*Action item*
The expected output is every line of the data exactly as shown, minus the images.

*Data block*
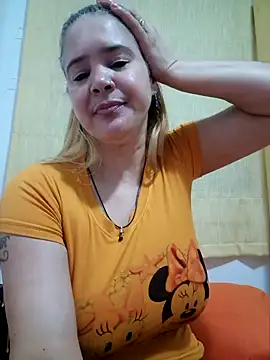 lamorbosa37 online show from February 6, 2025, 5:09 pm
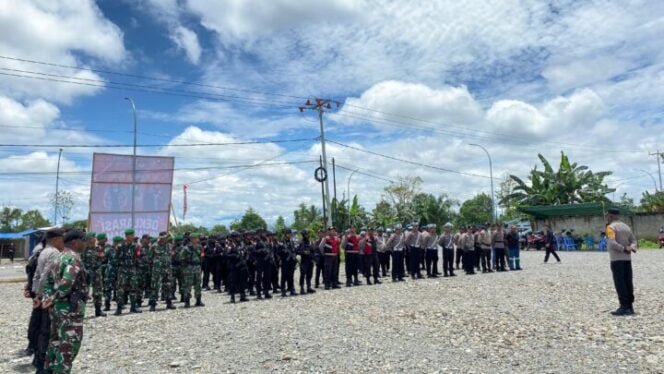 
Suasana apel gabungan yang dilaksanakan di Lapangan WR. Supratman Timika. (Foto: JMSI)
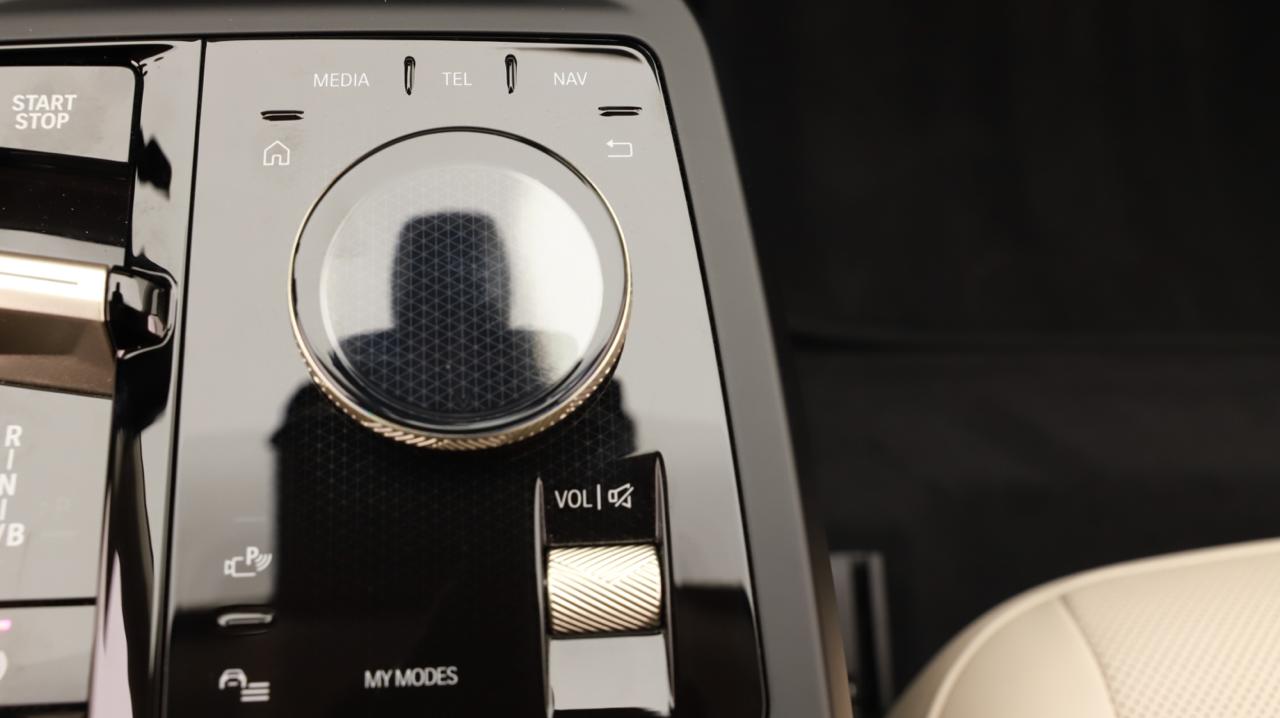 BMW iX xDrive40-image-8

*Response area*
 lamorbosa37 online show from February 6, 2025, 5:09 pm
Suasana apel gabungan yang dilaksanakan di Lapangan WR. Supratman Timika. (Foto: JMSI)
 BMW iX xDrive40-image-8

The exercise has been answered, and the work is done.